We keep saying this at Enjoy Compare: Singapore residents are blessed with some of the best credit card offers in the world.

And here’s why: The island’s unique position in the world’s financial markets has put Singapore in the central position for economic trading and has granted us relative stability and prosperity compared to the rest of the world. We’re an affluent city-state with far higher than average incomes and an incredible spending power.

With a pool of customers at the high end of the income scale, this means that banks in Singapore have to chase down every single customer (and their money) and offer them very special enticements for their business.

That means that Singapore residents get incredible offers from their banks just to get them in through the front door. Whether it’s your current or checking account, loans or a credit card, our financial institutions are desperate for your business, which makes it a customer’s market and when it’s a customer’s market, the seller will do just about anything to retain your custom. That means stellar credit card offers which give by far and away some of the best deals on the planet.


However – that comes with one simple caveat. Play by the rules or your lack of financial sense may just come back and bite your hand.

Can I get rich off my credit cards?

Good question, to which the answer is (largely) no.

We have a few simple rules when it comes to credit card ownership, and they bear repeating once more:

  • Always pay off your balance in full every month
  • Spend within your means
  • Never use your card to hold or build up debt
  • Use your card’s benefits package to beat the annual fee

These are all important rules that will save you money, and could lead to you ending your financial year a little – but not much – in profit.

The temptation with the word “profit” is to try to beat the banks at their own game and use your credit cards as a means of making money. And that’s where we urge caution. While you CAN make money off your credit card, it’s not the be all and end all of credit card ownership.

The temptation is to overspend on your card simply to keep collecting those precious loyalty points without taking into account how you’re going to pay off your bill at the end of the month. An unpaid balance means interest charges, and it doesn’t take long for the extra money you’re paying to your bank outweighs the benefits of the rebates and membership points you’re earning. That’s our first two rules – pay off your full balance, spend within your means.

By all means, try to make money by using your credit cards, but stay within our simple lifestyle rules and you won’t be stung. Just remember that the banks’ main incentive is their own profit, so they’ll be trying to make money off you.

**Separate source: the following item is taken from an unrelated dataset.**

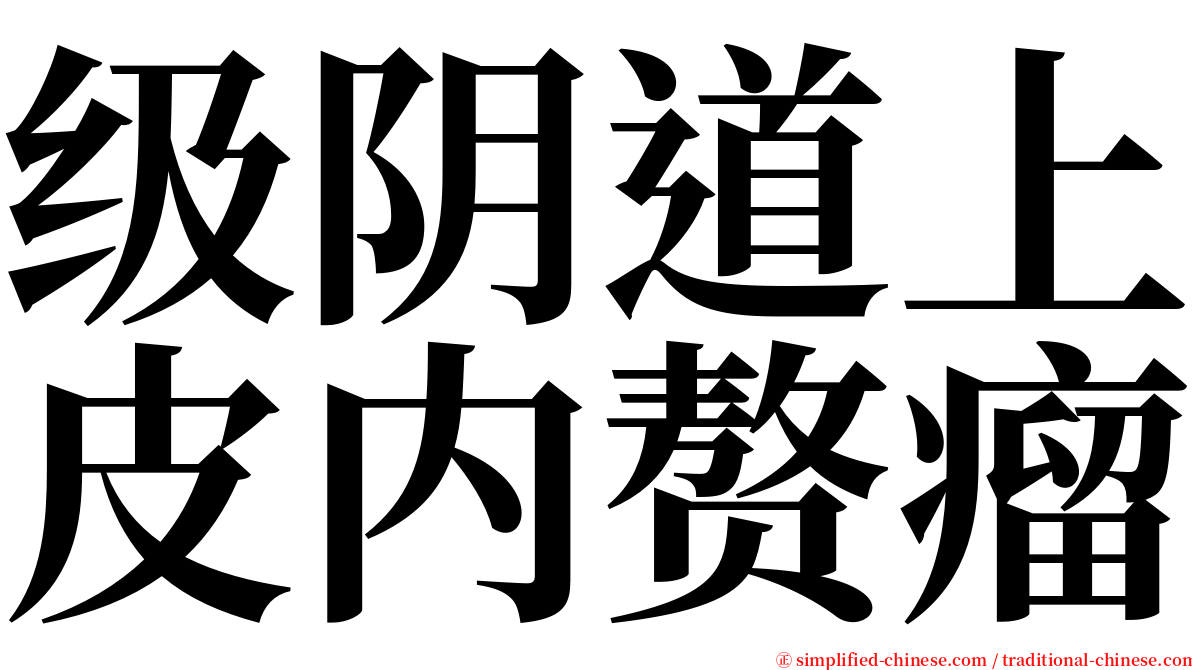 级阴道上皮内赘瘤 serif font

Yes, they take a small commission from the retailer every time you use a card and this pays their overheads for operating the credit card in the first place. But they know the big money comes in customer interest charges – while they’ are not deliberately trying to scare you into debt (because that becomes a risk to them if the debt goes bad), they know that they make the most money from interest charges.

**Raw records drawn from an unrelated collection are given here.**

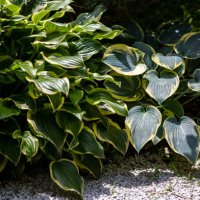 close up of hosta giboshi leaf sprouts - garden decoration stock pictures, royalty-free photos & images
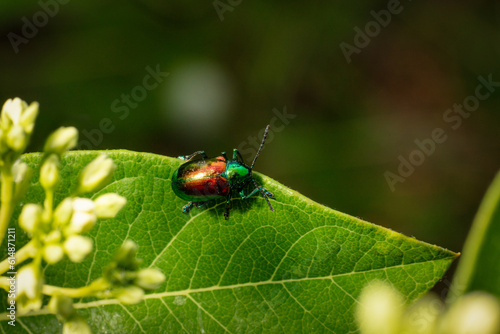 Iridescent Dogbane Leaf Beetle on the edge of a leaf Macro Close-up - open copy space - Chrysochus auratus photo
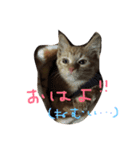 高嶺のうにさん（個別スタンプ：14）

Hint: Think of the interest charge as an “Idiot Tax”, and that’s all the motivation you’ll ever need to pay off your card every month.

How do I make the most of membership benefits?

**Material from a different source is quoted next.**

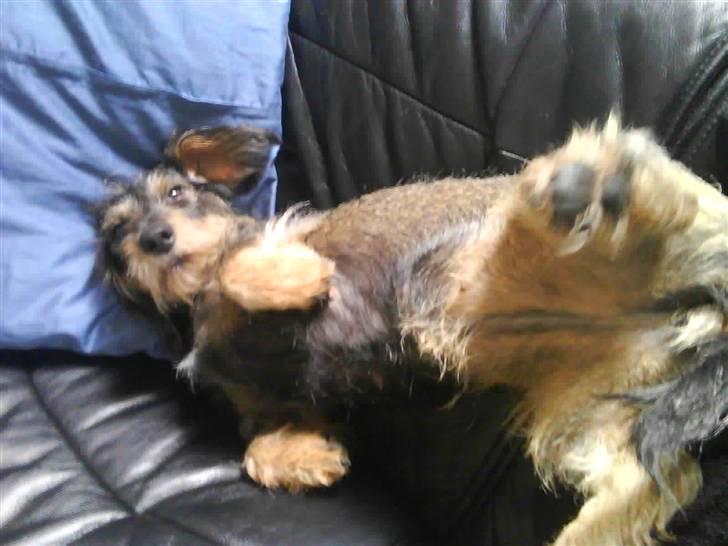 Gravhund Skovkrogen´s Adda billede 4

So, let’s look a little closer about how you can get your card to work for you.

First, the downside. Most premium credit cards in Singapore come with a modest annual fee. This can range from something as low as a few dollars, right up to S$300. Our advice to you is this: Do not let the annual fee put you off applying for a good credit card. The likelihood is that – if used sensibly – you should be able to “beat the fee” and earn benefits that easily exceed your annual payment.

But this can only be achieved with a little bit of work on your own behalf. The key to beating the fee is to do your research. The best way to do this is to scan through the varied credit card deals that feature on the Enjoy Compare website and choose a short list of cards that reflect your lifestyle the closest.

Singapore banks know that people live different lives, and will have a portfolio of credit card offers to appeal to different people. That means business travellers can apply for a package that emphasises airline loyalty points, hotel discounts and travel insurance. Drivers can look out for credit cards that offer impressive discounts at petrol stations; while shoppers find cards that offer discounts, rebates and store loyalty points.

Such is the desire of the banks to get you as a premium credit card customer, they tailor their cards to give you the best deal possible. And that’s the upside. The banks desperately want you as a customer and will fight as hard as they can for your signature on that credit card application form.

Let’s take a look at the sort of deals you can expect.

The very best credit cards available to Singapore customers are those issued to executive travellers, and the perks are – let’s be honest here – amazing.

Currently (September 2014), we humbly think the best of the field comes from American Express, whose Kris Flyer Ascend card offers superb benefits for the S$256 annual fee. In fact, they waive the fee for the first year, so applicants are already winning, and the additional benefits mean that the frequent business traveller should easily beat the system.

For example, AmEx offers a welcome bonus of 5,000 Kris Flyer miles, 1 Kris Flyer point for every S$1.20 spent, bonus points if you spend more than S$1,000 per month, free airport lounge access, free travel insurance, and complimentary stays in Millennium hotels and resorts.

Of course, this card is aimed directly at the frequent traveller, and directly benefits those who fly with Singapore Air, which means it’s not much use to anybody who is a stay-at-home type.

These are superb offers, but even the most affluent traveller needs to beware that trap of overspending. The extra points for spending over S$1,000 every month look inviting but don’t make this a personal target if you don’t have the means to bring your balance back down to zero come month-end. Those points count for nothing if you’re paying more than they’re worth in interest charges.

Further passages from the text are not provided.